Secret Town Road
The rain pattered against the car roof, the hood, the windows, the windshield, even the antenna, occasionally, with a deeper sproing-ing sound. It danced off the roadway and sort of danced aurally inside the car. The radio was on, but the announcer was nothing but background noise to the constant drone of the rain as his car and the others on the highway whooshed through puddles barely given time to form.
"Red," was the overwhelming thought going through his mind.
Taillights flashed constantly off and on, silently, on the road ahead, as if the cars were dancing with one another, pulling each other in, letting their partners out, twirling around corners and bends at various speeds, sometimes waltzing, sometimes salsa-ing. One in particular, or at least he thought it was one car, weaved in and out of lanes, never disappearing for longer than a few beats of the rain, the brakes pumping on and off, step, on and off, step, step, on, off. Like a cobra mesmerized by a flute, blinking slowly, ever slowly, and nodding back and forth, side to side, until it steadied and stopped, unable to pass that music.
He became that same car for someone else, further back in the procession, as he slightshotted across the lanes, and off up an exit. "Escape velocity," they may have been thinking.
...
It had been nineteen eighty six, and the garden soil was still damp from a rain. He had been given the seeds for... something. It may have been his birthday. They were Black-Eyed Susans. He had taken the package and a pair of gardening gloves which were too big for his tiny hands, and a trowel from the windowsill in the kitchen, by the door. The deep windowsill they used for all the outdoorsy utensils: the trowel, a pair of clipping shears for the hedges, a female coupler and replacement nozzle for the garden hose.

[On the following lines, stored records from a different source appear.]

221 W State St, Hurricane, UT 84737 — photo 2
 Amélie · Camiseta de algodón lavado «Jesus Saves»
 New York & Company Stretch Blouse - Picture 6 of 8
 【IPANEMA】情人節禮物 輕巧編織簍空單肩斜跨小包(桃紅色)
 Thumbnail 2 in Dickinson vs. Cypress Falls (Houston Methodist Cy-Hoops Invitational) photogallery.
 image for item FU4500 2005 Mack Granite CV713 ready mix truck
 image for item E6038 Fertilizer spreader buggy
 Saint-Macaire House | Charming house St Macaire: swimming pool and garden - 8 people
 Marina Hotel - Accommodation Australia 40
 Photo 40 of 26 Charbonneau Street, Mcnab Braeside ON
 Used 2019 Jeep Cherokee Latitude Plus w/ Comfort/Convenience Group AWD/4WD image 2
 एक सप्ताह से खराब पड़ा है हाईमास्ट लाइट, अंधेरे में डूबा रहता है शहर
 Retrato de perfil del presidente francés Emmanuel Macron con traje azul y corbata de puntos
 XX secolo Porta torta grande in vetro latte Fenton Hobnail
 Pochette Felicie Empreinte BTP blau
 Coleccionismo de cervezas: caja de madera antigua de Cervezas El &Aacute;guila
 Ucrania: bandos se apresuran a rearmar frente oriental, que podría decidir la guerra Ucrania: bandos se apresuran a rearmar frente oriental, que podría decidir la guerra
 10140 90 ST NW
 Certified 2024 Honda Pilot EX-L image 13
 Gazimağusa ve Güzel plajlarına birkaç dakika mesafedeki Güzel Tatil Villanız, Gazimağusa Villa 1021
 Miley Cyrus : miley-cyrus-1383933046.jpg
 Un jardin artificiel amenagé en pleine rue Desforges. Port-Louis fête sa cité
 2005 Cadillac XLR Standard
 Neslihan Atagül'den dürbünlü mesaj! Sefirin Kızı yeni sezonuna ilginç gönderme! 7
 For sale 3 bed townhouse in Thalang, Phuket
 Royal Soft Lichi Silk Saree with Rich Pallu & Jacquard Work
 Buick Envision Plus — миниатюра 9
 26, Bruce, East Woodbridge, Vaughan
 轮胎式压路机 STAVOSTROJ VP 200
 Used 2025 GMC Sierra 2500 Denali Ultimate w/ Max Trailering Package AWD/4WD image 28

He went out around the side of the house, passing the cords of wood for the fireplace covered in their plastic sheets, and down into the woods across the driveway; a cracked palimpsest of grays and blacks from the sun and the rain and oil spots, weeds springing up in the crevices.
Just at the edge of the pine trees there was fine black soil, and just clear of pine needles in the space between the forest and the grass. It was here he dug a series of small holes, in the soil the afternoon sun had failed to completely dry at this late stage, and he placed a few seeds in each until the packet was emptied. At the end, he had one hole left over from his efforts with the trowel. And into this he put an acorn he had the pocket of his flannel vest.
...
The side road was dark, by any means you wished to think of it. There were no streetlights, no moonlight, no more taillights lighting the way. Only his underpowered and somewhat skewed, now that he saw them and them alone, headlights.
And he was headed... home.
To be continued...
disclaimer:
Apologies to anyone desperately clicking reload on their browser, hoping that we just forgot to send out the weekly update mail (which you, too, can get by signing up on our contacts page).
We didn't. We're just slightly late. What with putting together the bicycle, hammock, computer, computer desk, computer chair, and hair dryer we received for Christmas from doting fans and friends alike, we were just a little bit too wrapped up in our newfound gifts. And, would you believe, the next time we looked up from our presents it turned out it was Wednesday, and the dogs were scratching at the door. And a couple of forlorn emails sat in our inbox, wondering, politely, where the hell we were.
Sorry, guys (non-gender-specific use of 'guys' there, of course).
So here we are. Just a little magazine, asking you, a reader, to forgive us. And, of course, read the issue.
Or at the very least the summary. And maybe tell all your friends about it, as well.
Thanks a million.
We'll see you next week, probably on time. Fresh-faced and cheery.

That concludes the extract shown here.